TASK GOAL. Leaving out all pictures, return exactly the lines from the one that contains "Pink Rose Flower Closeup Illustration." through the end of the data below.

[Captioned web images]

↓↓↓

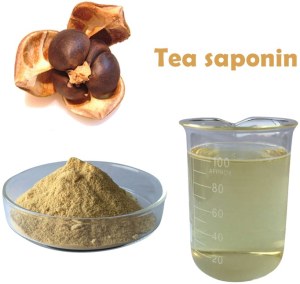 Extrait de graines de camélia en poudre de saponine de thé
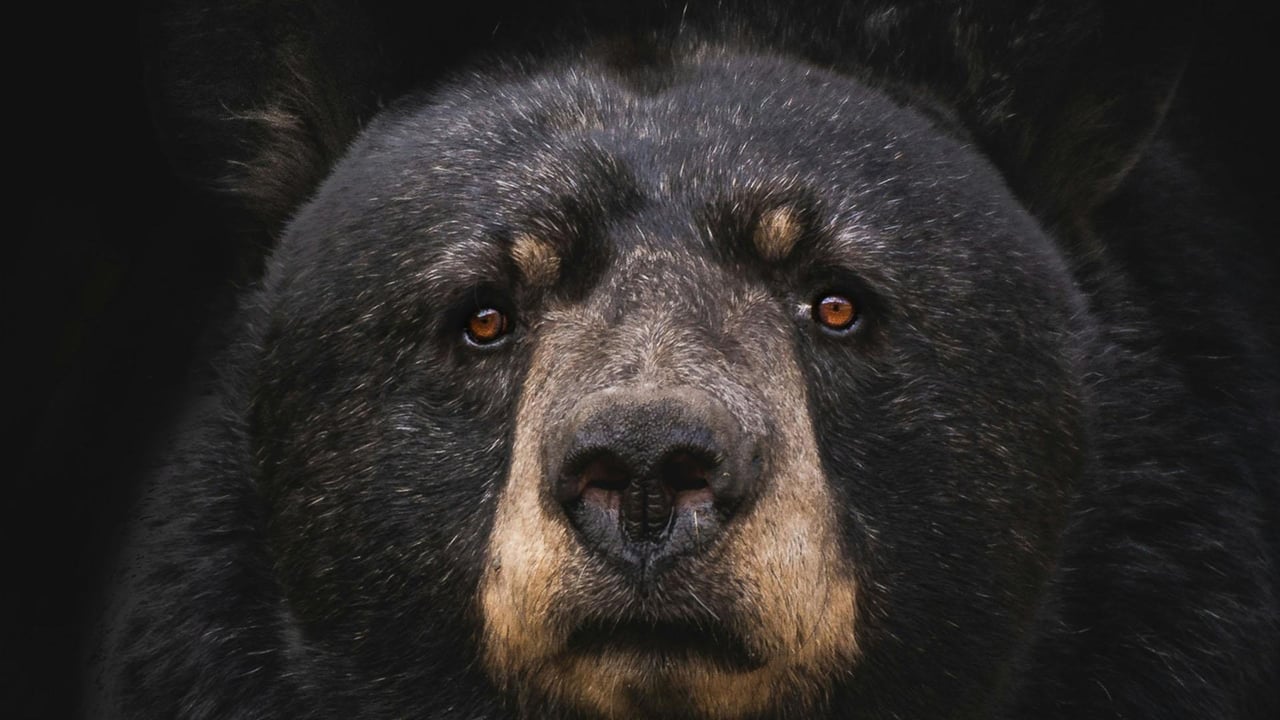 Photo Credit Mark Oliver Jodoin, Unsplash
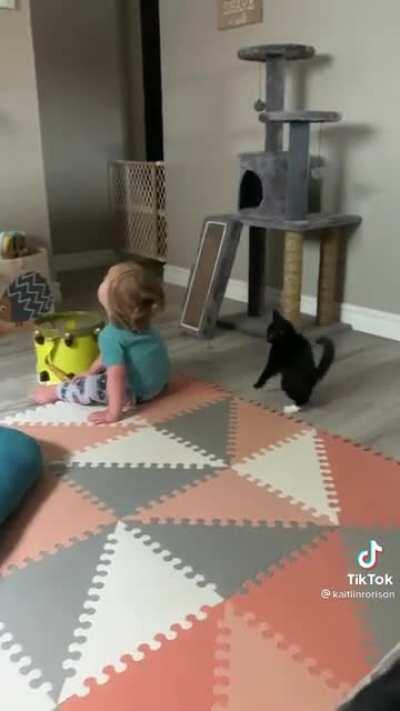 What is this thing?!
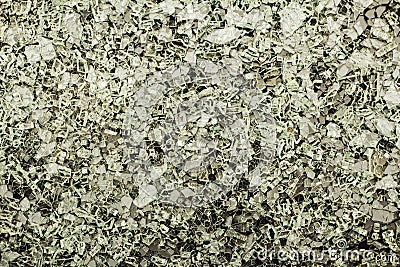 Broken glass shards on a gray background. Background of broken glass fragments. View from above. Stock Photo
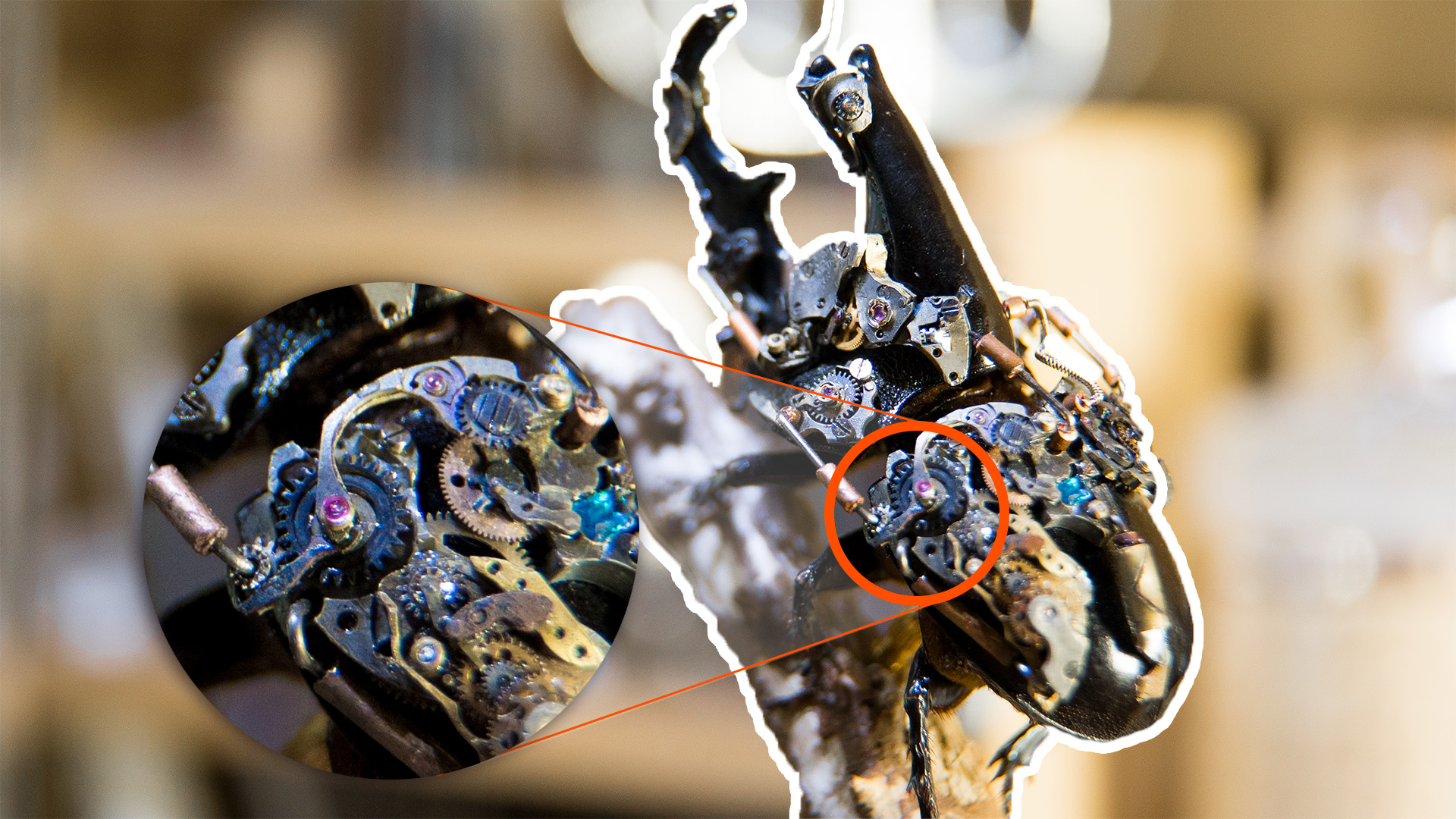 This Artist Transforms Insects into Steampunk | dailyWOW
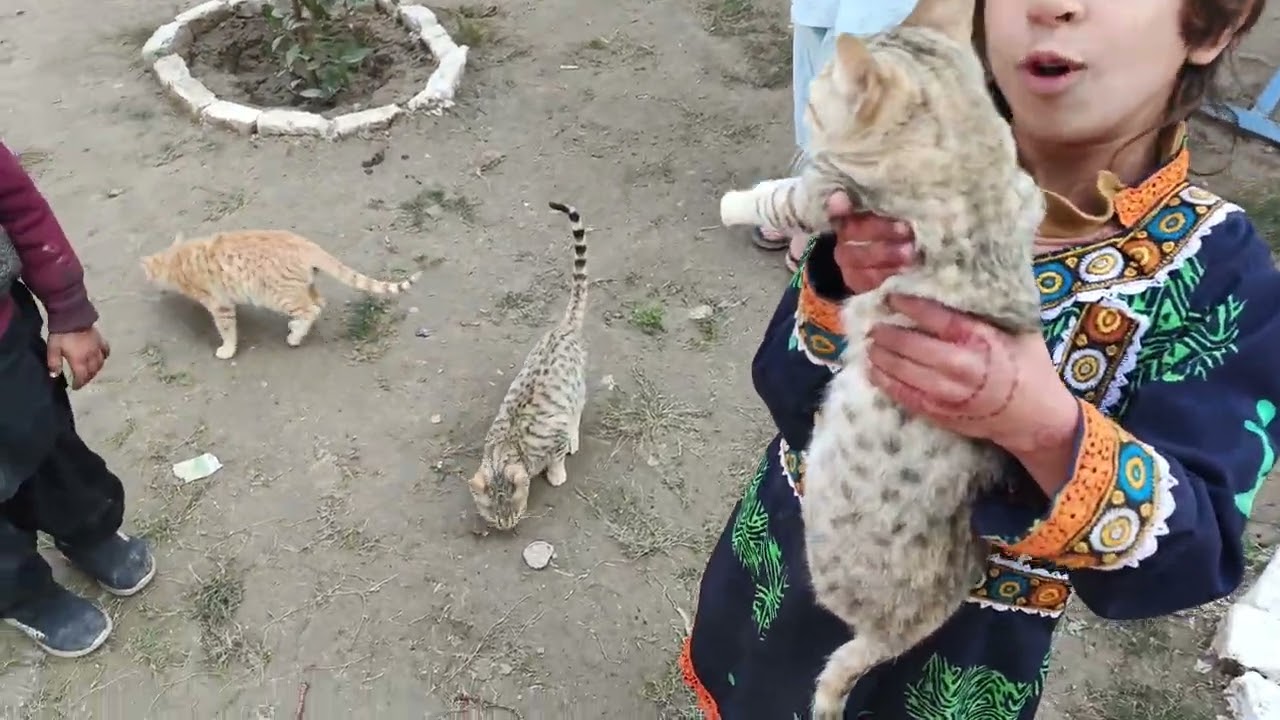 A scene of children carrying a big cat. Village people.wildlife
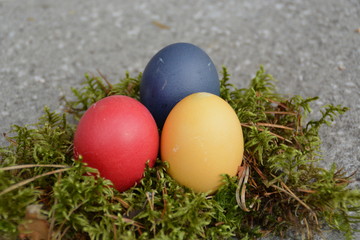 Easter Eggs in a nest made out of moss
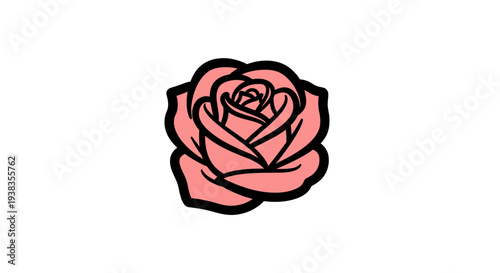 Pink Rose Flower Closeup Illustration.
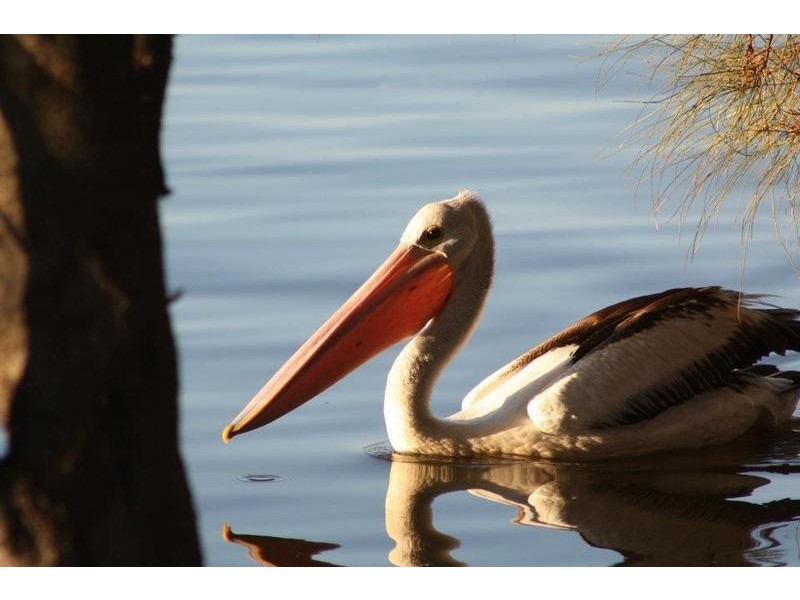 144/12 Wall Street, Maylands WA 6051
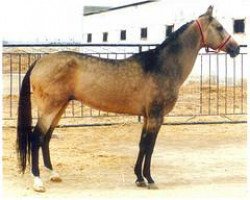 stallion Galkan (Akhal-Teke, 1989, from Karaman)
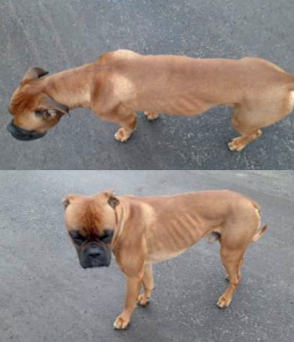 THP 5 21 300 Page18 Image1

↑↑↑

EXERCISE ANSWER.
 Pink Rose Flower Closeup Illustration.
 144/12 Wall Street, Maylands WA 6051
 stallion Galkan (Akhal-Teke, 1989, from Karaman)
 THP 5 21 300 Page18 Image1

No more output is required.